* Task goal *
Leaving out all pictures, copy the lines below exactly, from the line with "Cortez House |" to the last line, both ends included.

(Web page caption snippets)

○ ○ ○ ○

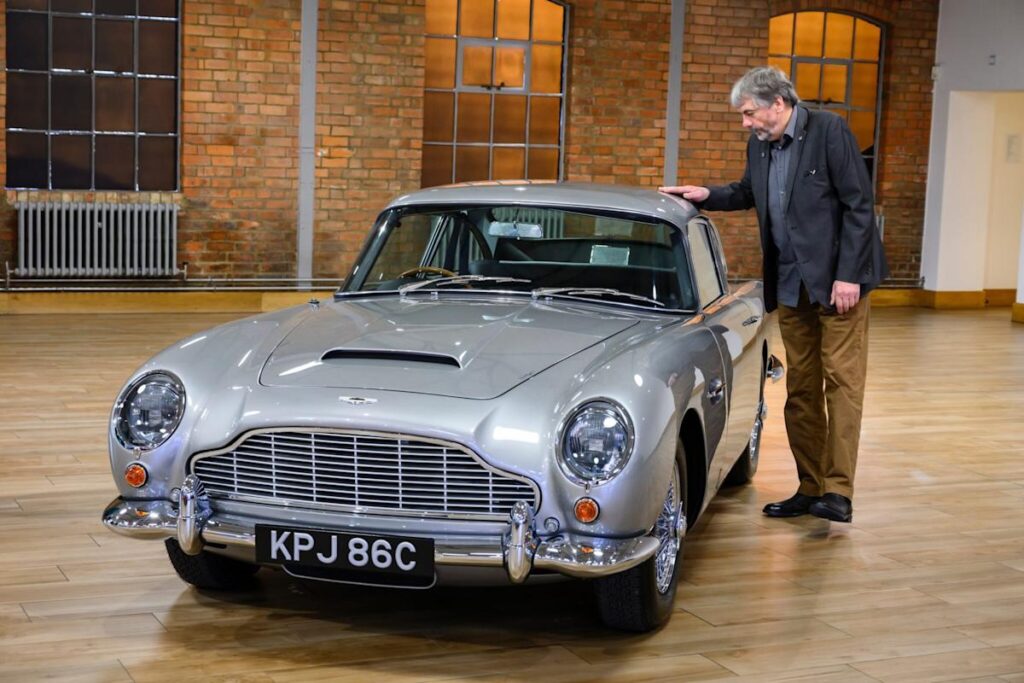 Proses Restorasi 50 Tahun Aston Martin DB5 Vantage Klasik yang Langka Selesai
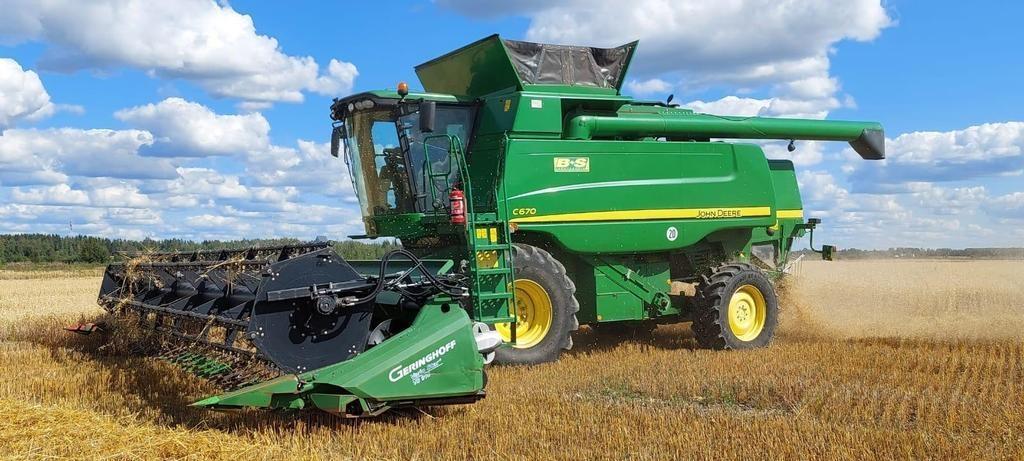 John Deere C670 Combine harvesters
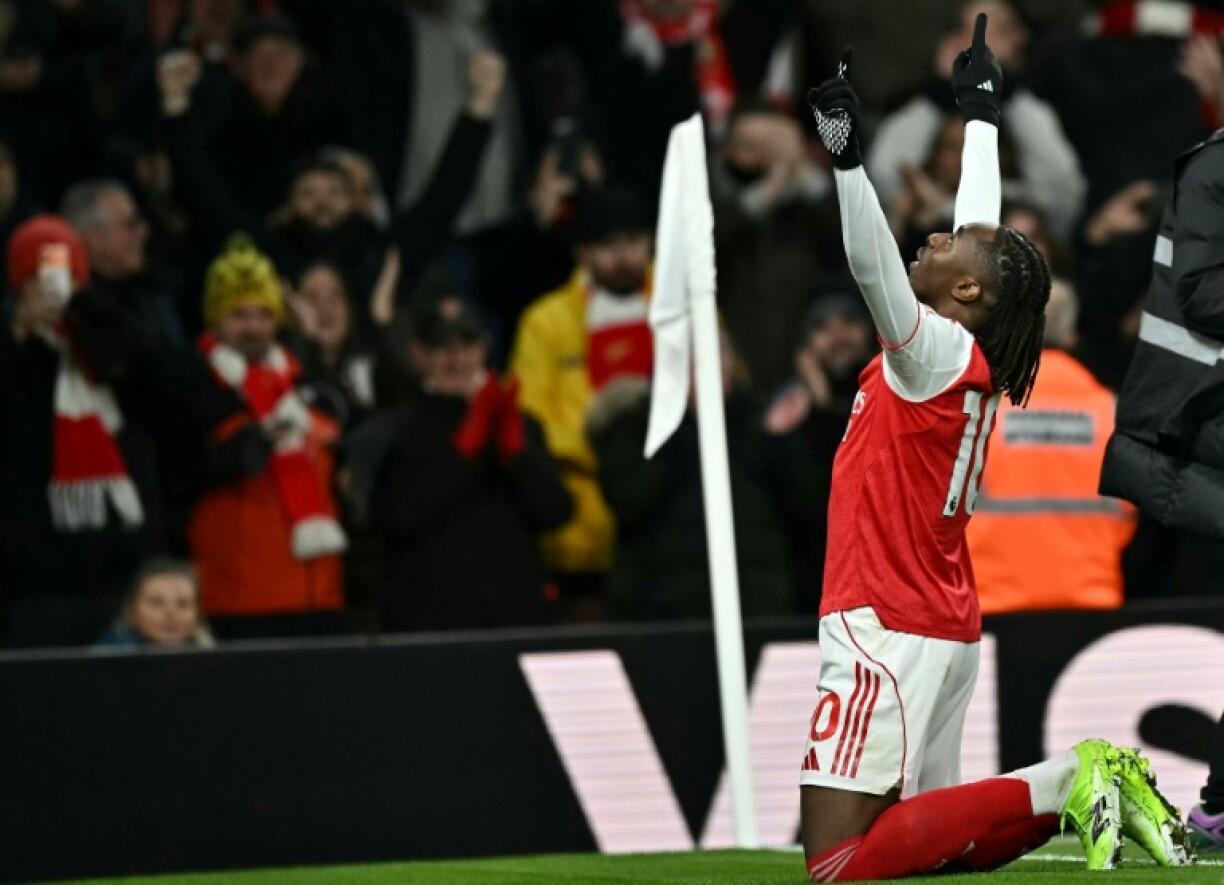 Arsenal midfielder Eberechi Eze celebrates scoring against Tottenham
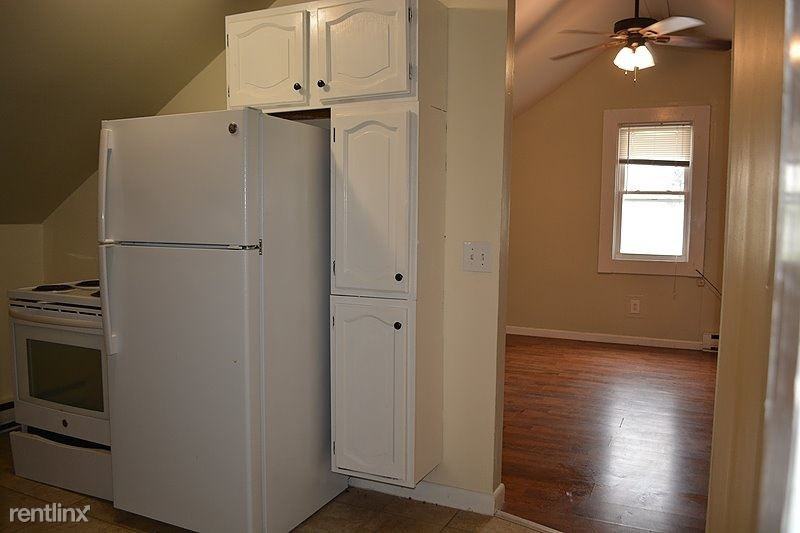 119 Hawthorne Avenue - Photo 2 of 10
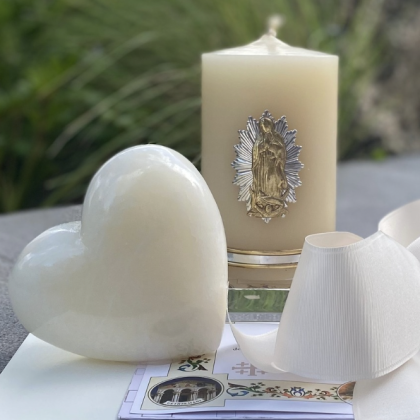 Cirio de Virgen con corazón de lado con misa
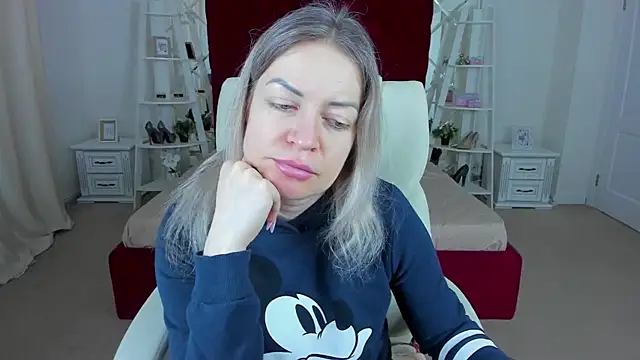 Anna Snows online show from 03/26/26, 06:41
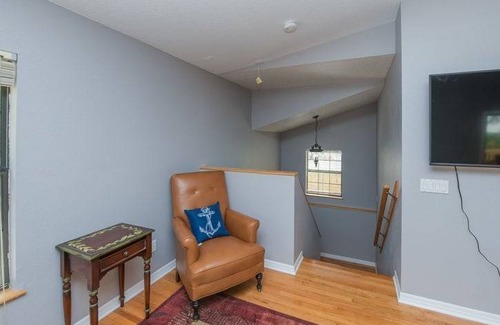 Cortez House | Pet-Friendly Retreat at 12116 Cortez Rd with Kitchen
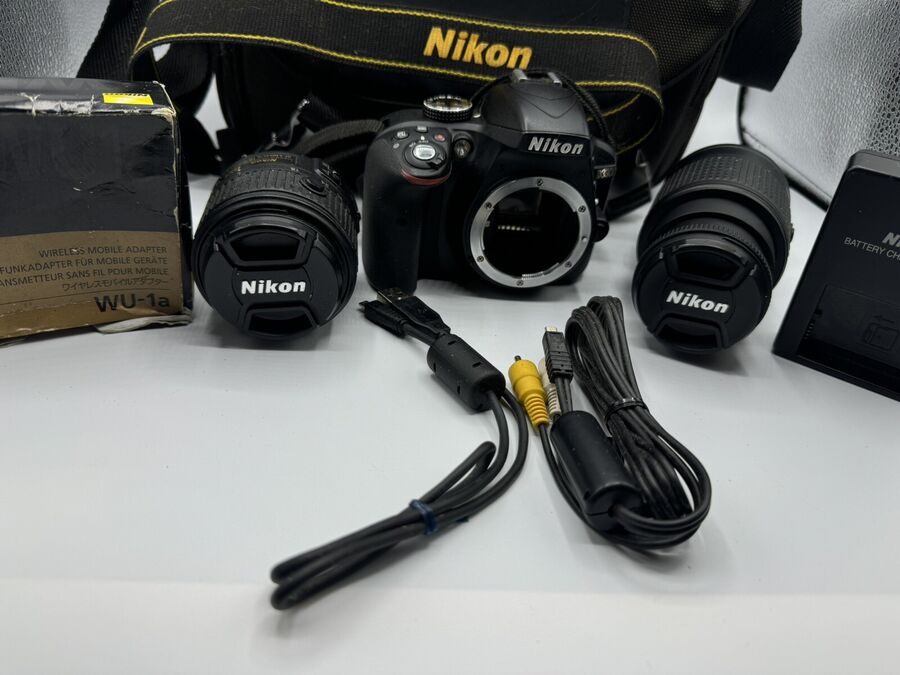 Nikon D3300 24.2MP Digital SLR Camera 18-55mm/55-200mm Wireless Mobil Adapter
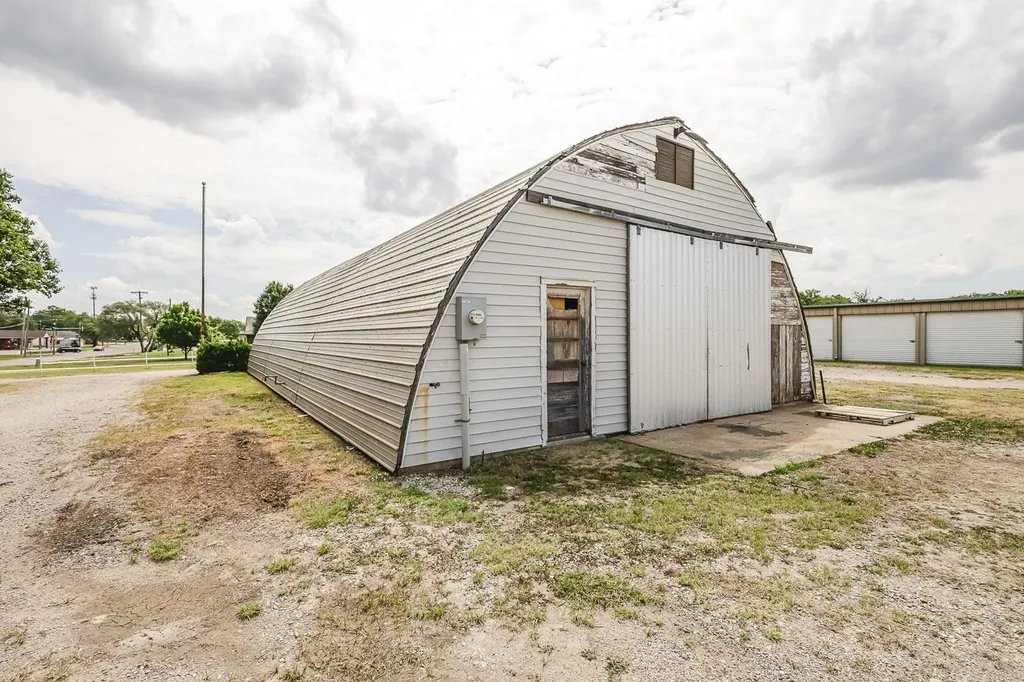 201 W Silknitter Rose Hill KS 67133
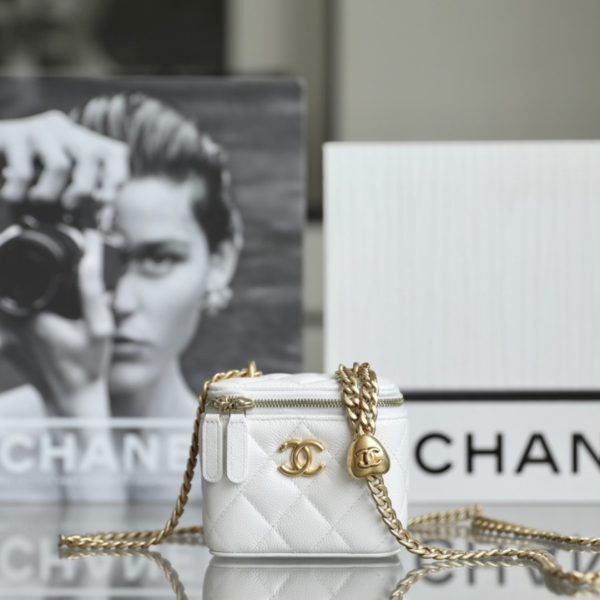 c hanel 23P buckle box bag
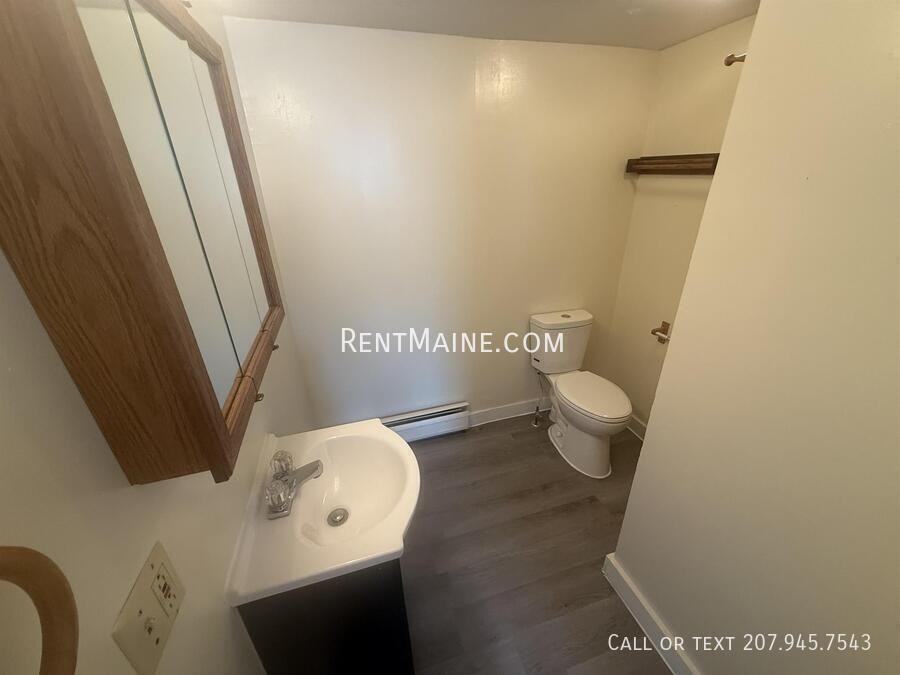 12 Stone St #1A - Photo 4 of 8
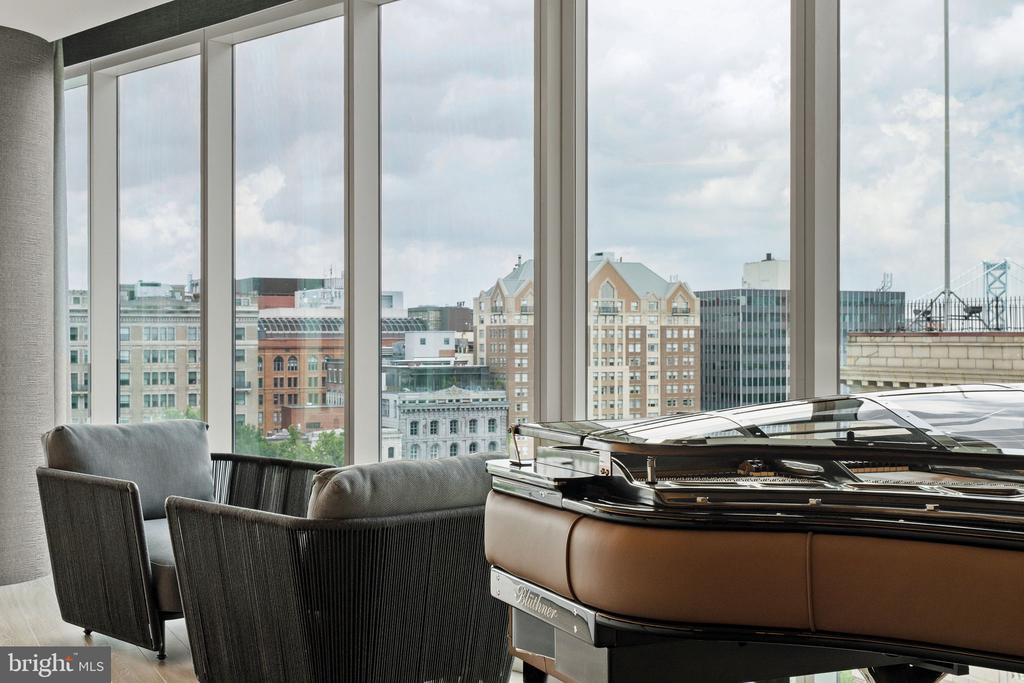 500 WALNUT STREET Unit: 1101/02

○ ○ ○ ○

* Exercise answer *
 Cortez House | Pet-Friendly Retreat at 12116 Cortez Rd with Kitchen
 Nikon D3300 24.2MP Digital SLR Camera 18-55mm/55-200mm Wireless Mobil Adapter
 201 W Silknitter Rose Hill KS 67133
 c hanel 23P buckle box bag
 12 Stone St #1A - Photo 4 of 8
 500 WALNUT STREET Unit: 1101/02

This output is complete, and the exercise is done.